Words by Sean Moeller, Illustration by Johnnie Cluney, Recording engineered by Ian Grimble and Richard Matthews of Communion Music at 2KHz, Crouch End, London
Some days, the only thing you hope for is a speedy progression. You want a get-along. You'd just like to see the minutes tick away at an extraordinary pace, or just at the pace that you're demanding. You'd like nothing more than an accelerated or abbreviated to-do list. You'd just like to get back to the important stuff, rather than earning a paycheck to make the rent and the groceries this month, again, just like all those previous months. All that you'd like to get to is that comfort zone of nipping on that bottle of bourbon or sharing a bottle of wine on the couch with that person you're in love with. The daydreams that you have don't make you an alcoholic, but when the punching out time comes, you rush to have that first relaxing glass, to settle into that place that's all your own.
The Keston Cobblers Club is the band that you'd want to share these hours and their moments with, as you're able to slide back into the solitude that you missed all day long. It's your own and you're back to finally being able to hear yourself think again. It's a wonderful feeling - to properly ingest, imbibe and digest words, sounds, emotions and looks. It's when you're able to parse through all the silly games that you had to deal with during those tough daytime hours. None of them mattered. All that matters are those tender moments when it's just skin-to-skin and cheek-to-cheek with the person that makes you red, that makes you beam, that makes your forehead glisten with nervousness. Even when you think you know them as well as you possibly could, they'll do something that reminds you that they're to be watched, that they're as unpredictable as they ever were and it's electrifying. You drink more because you're happy, not because you're depressed. You finish that bottle with him or her and you silently open a second and this just goes on.

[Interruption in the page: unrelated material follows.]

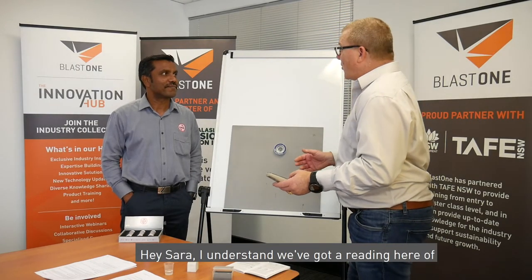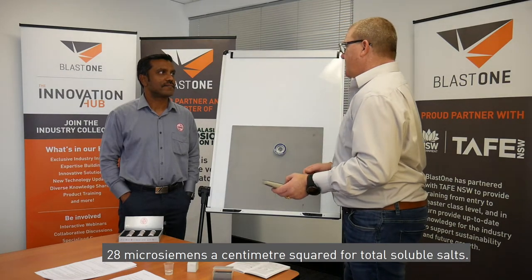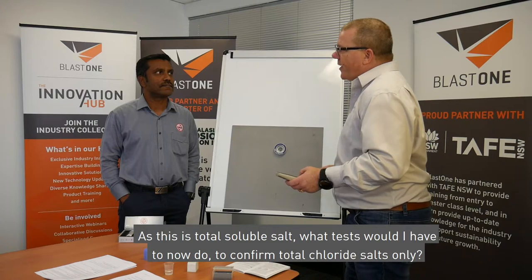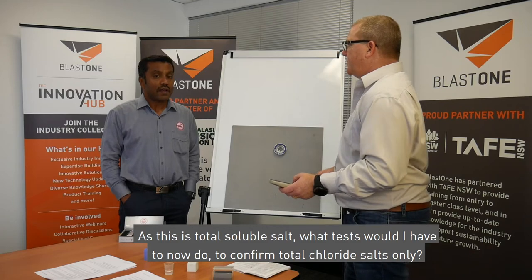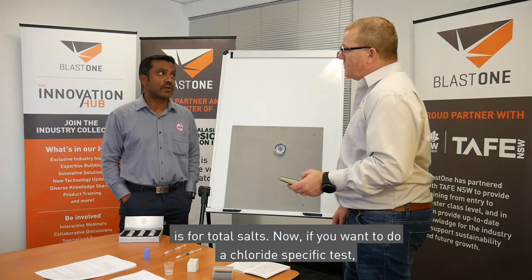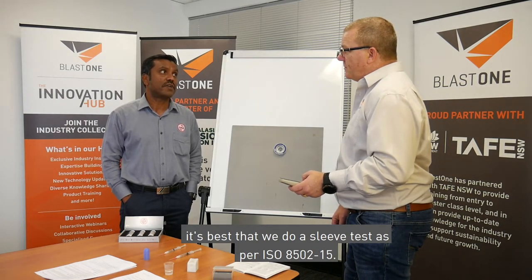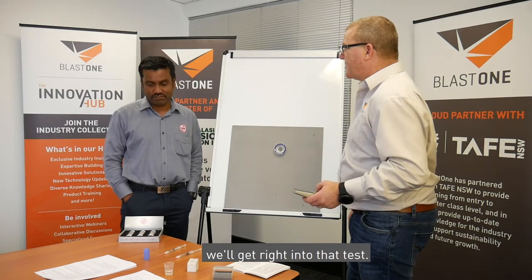Sara, I understand we've got a reading here of 28 microsiemens per centimetre squared for total soluble salts. As Craig and Julian were discussing earlier, since this is total soluble salts, what test would I have to do now to confirm total chloride salts only? That's a good question AJ. As we know, the conductivity test we just did is for total salts. If you want to do a chloride-specific test, it's best that we do a sleeve test as per ISO 8502-15. I think we'll get the equipment ready and get right into that test.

There are hearts of gold and there are hearts of stone in people, the Keston Cobblers Club reminds us, but when they go swimming, the bodies that hold them in-place keep them all afloat. You'd never know which body held which until you dug in a little, until you shared some of these after-hours nights, some of those bottles. It's only then when you'd be able to safely say if you wasted your time or if there was a purpose.